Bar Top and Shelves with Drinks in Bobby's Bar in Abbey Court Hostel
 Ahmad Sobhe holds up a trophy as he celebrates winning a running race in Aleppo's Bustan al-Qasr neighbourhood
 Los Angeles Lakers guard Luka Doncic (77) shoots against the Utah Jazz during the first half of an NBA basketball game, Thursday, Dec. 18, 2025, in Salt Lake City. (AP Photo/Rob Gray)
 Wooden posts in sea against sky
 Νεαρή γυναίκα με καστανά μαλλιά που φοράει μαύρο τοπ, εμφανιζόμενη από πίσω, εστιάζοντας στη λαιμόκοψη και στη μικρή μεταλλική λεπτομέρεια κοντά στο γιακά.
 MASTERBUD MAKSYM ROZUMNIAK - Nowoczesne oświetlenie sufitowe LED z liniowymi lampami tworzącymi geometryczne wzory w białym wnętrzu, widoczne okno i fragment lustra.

....

§ **What to work on**
Repeat the records verbatim, every one of them.

§ **Result below**
Bar Top and Shelves with Drinks in Bobby's Bar in Abbey Court Hostel
 Ahmad Sobhe holds up a trophy as he celebrates winning a running race in Aleppo's Bustan al-Qasr neighbourhood
 Los Angeles Lakers guard Luka Doncic (77) shoots against the Utah Jazz during the first half of an NBA basketball game, Thursday, Dec. 18, 2025, in Salt Lake City. (AP Photo/Rob Gray)
 Wooden posts in sea against sky
 Νεαρή γυναίκα με καστανά μαλλιά που φοράει μαύρο τοπ, εμφανιζόμενη από πίσω, εστιάζοντας στη λαιμόκοψη και στη μικρή μεταλλική λεπτομέρεια κοντά στο γιακά.
 MASTERBUD MAKSYM ROZUMNIAK - Nowoczesne oświetlenie sufitowe LED z liniowymi lampami tworzącymi geometryczne wzory w białym wnętrzu, widoczne okno i fragment lustra.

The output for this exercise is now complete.